Il luogo non è stato ancora sistemato, ma abbiamo deciso ugualmente di utilizzarlo in questa occasione. Inizialmente per raccogliere in modo poverissimo l'angoscia che ci andavamo comunicando l'un l'altro. Poi, piano piano, per esprimere i segni della pietà, della memoria, della con-danna e della lotta.
Ci dispiace che non abbia espresso ciò che nella città si è andato manifestando in modo sbriciolato, talvolta assurdamente vuoto, di parte.
Abbiamo cercato di riprendere qualcosa di ciò che è stato fatto e di esprimere, attraverso la pluralità dei segni, una coralità popolare.

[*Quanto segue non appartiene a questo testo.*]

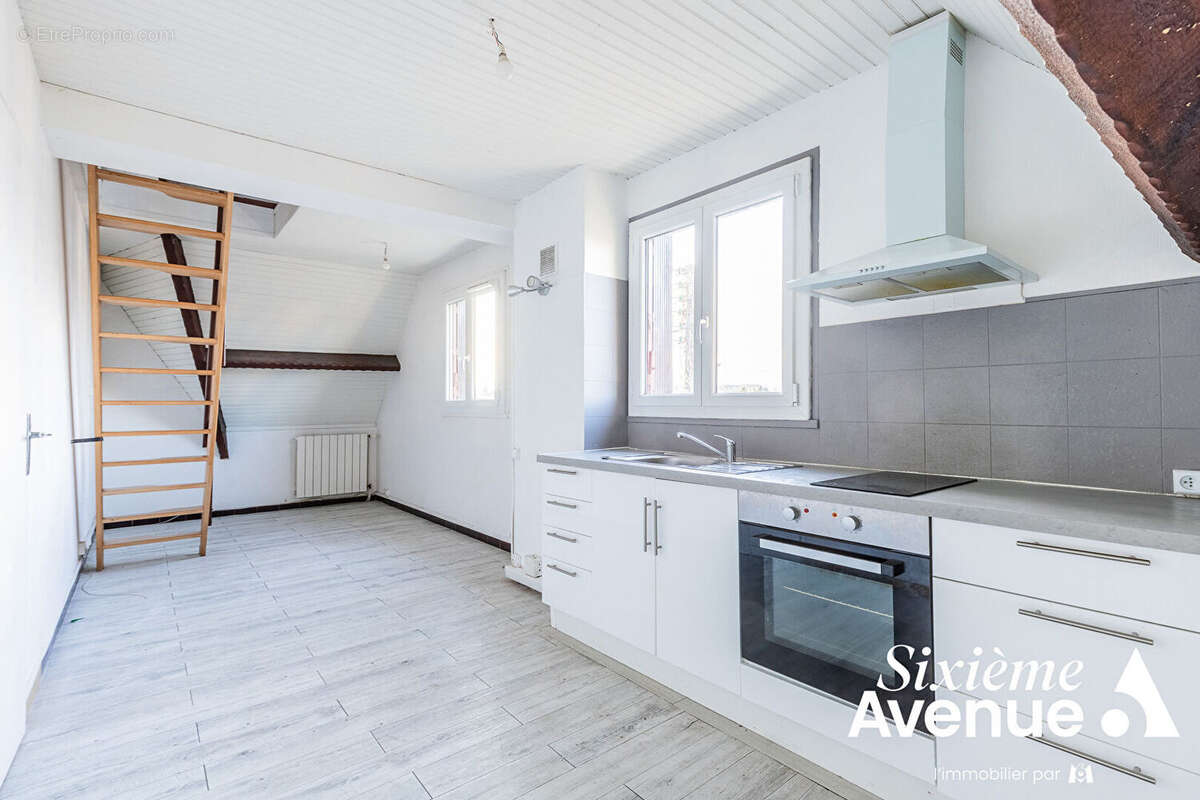 Appartement Morsang Sur Orge 3 pièce(s) 43.81 m2 (56.16m² au sol) - photo 2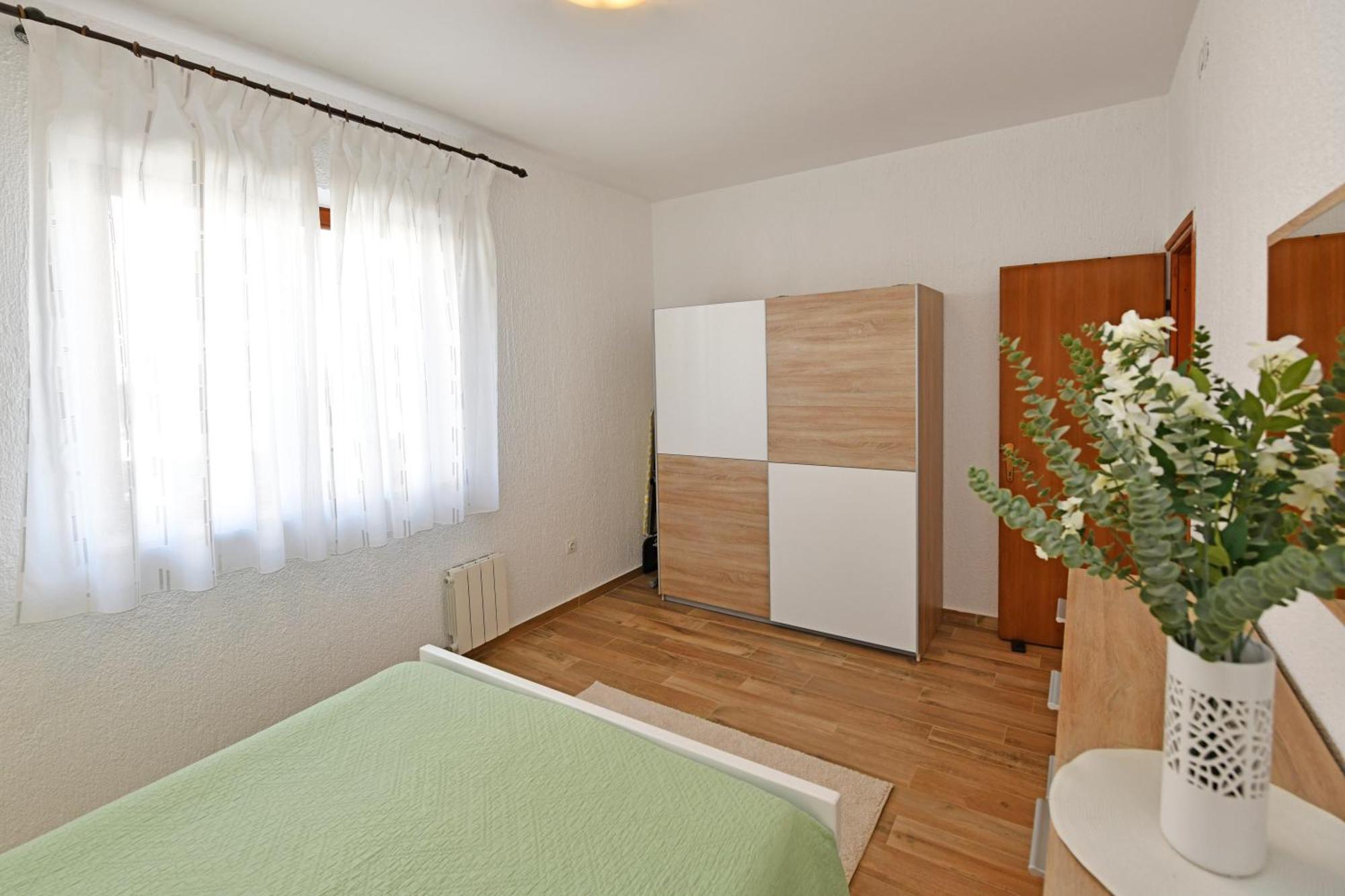 Apartmani Irena Arvaj Πόρετς Εξωτερικό φωτογραφία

Un gruppetto di persone ha lavorato per una settimana, raccogliendo materiale, componendo-lo e preparandolo per quella che è poi stata la veglia di sabato sera. Altra gente si è aggiunta man mano con i contributi più diversi. E il pomeriggio di sabato il campetto, già ripulito da mani vo-lontarie, è fiorito di luci, di colori, di suoni.

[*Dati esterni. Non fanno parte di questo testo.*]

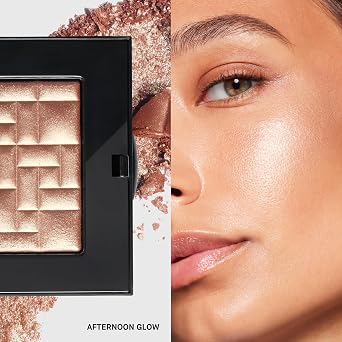 Bobbi Brown Highlighting Powder | Pearl-Infused Highlighter Makeup for Luminous Cheeks and Eyes with Gel-Powder Hybrid Technology | Natural Glow Radiance Booster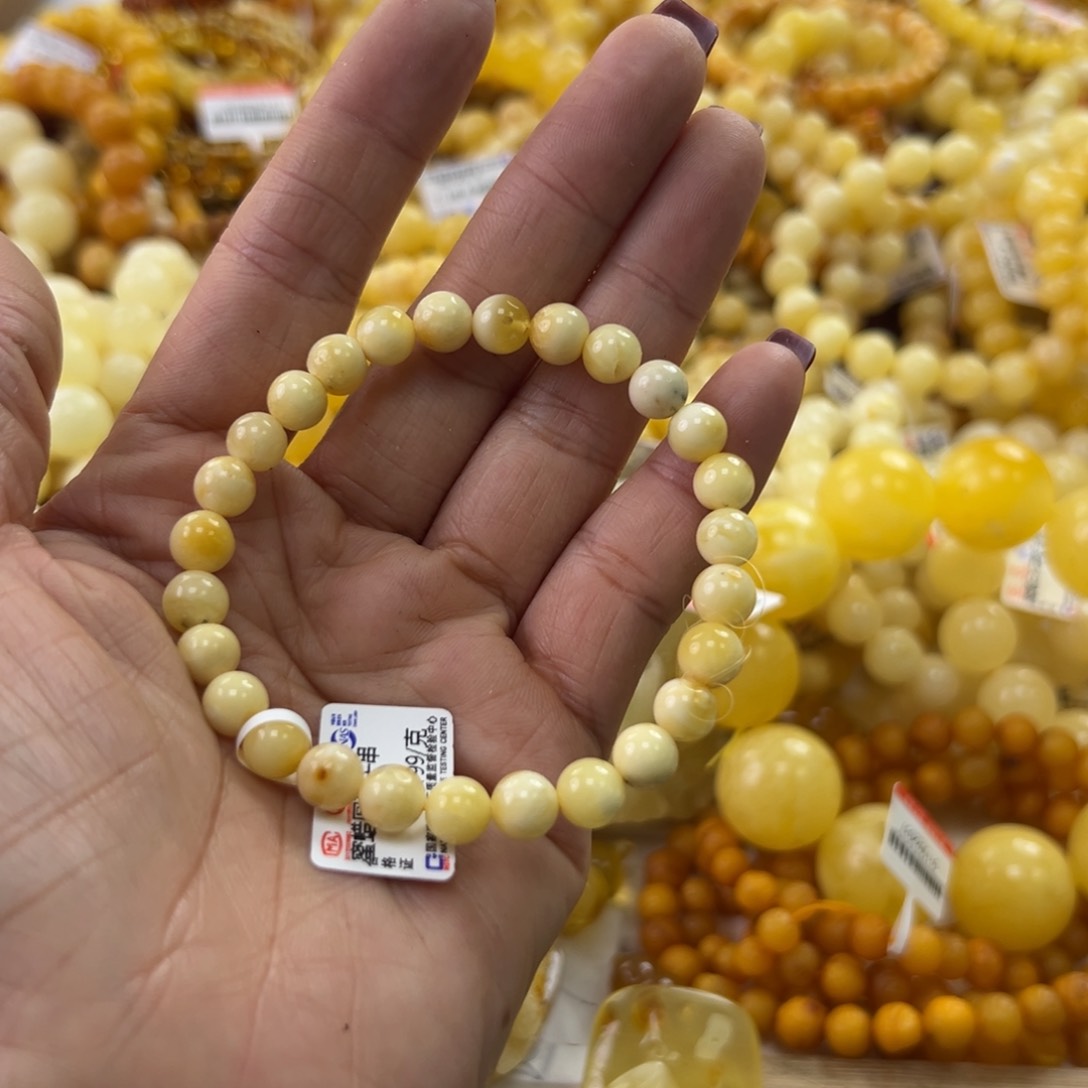 琥珀珠宝奇石未镶嵌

E di gente; non tanta, ma sufficiente perché una piccola folla al calar della notte si radunasse intorno a dei canti, dei testi - elaborati dagli studenti cinesi - proclamati, un piccolo schermo dove scorrevano le immagini crude e terribili.
Il piccolo campo ha raccolto e protetto la concentrazione e il silenzio; quasi da stupirsi perché di fronte - di là dal canale - si compiva il rito chiassoso e consumista del sabato sera.

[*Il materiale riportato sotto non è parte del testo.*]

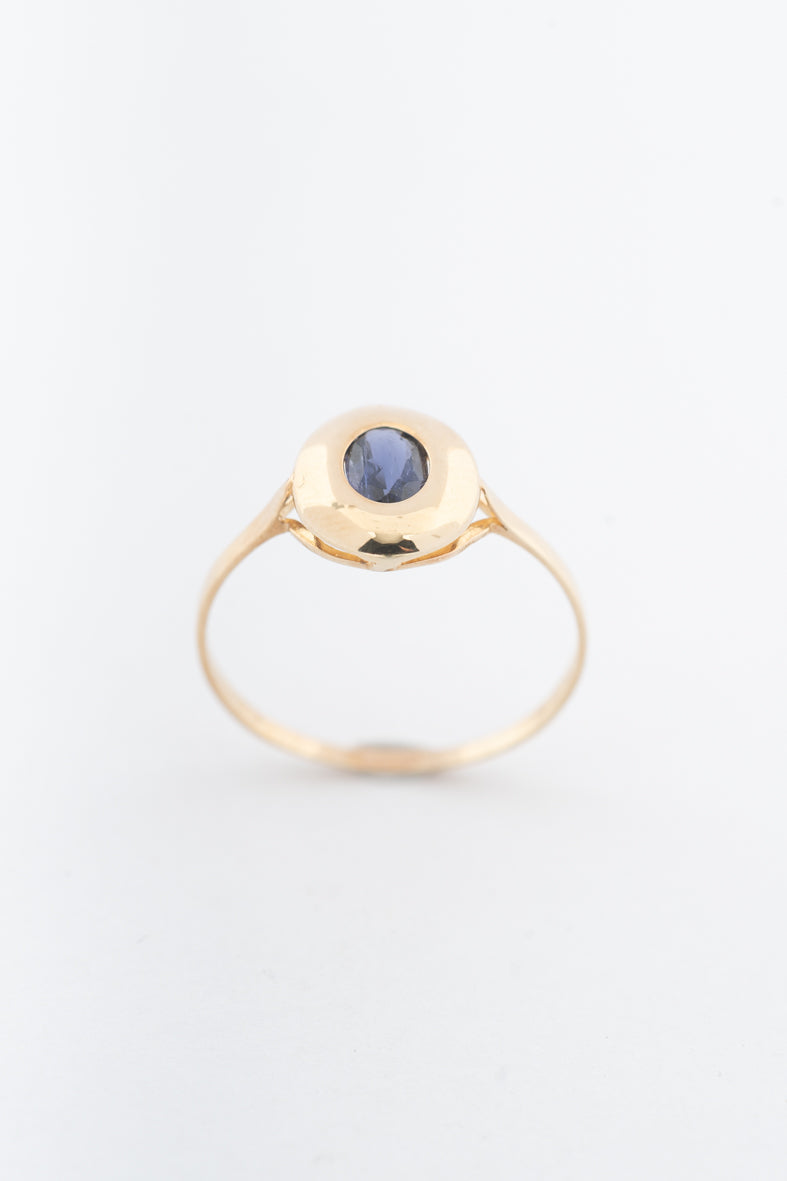 Geelgouden ring met een tanzaniet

La gente era la «solita»: quella che si muove in occasioni simili. Ma apparteneva a raggruppamenti diversi che di solito si trovano divisi. Ed è stato sorprendente quando un coro - quasi tutto parrocchiale - ha intonato l'Internazionale. Le stesse parole, la stessa musica fiorita sulle labbra dei coetanei cinesi. È stato un momento cui il rispetto ha vinto antichi e mai sopiti timori. Ed insieme ai segni diversi che le persone potevano compiere scrivendo su grandi fogli, accendendo lampioncini, mettendo fiori, firmando appelli, ecc.; anche il microfono, e quindi gli interventi, sono stati semplici, intensi, misura comprensibili: di gente che parla alla gente. Ed è apparsa in tutto il suo spessore umano la tragicità della storia ed il mistero del piccolo gregge.
Il piccolo campo ha ridato ad una piccola folla la nostalgia di essere popolo.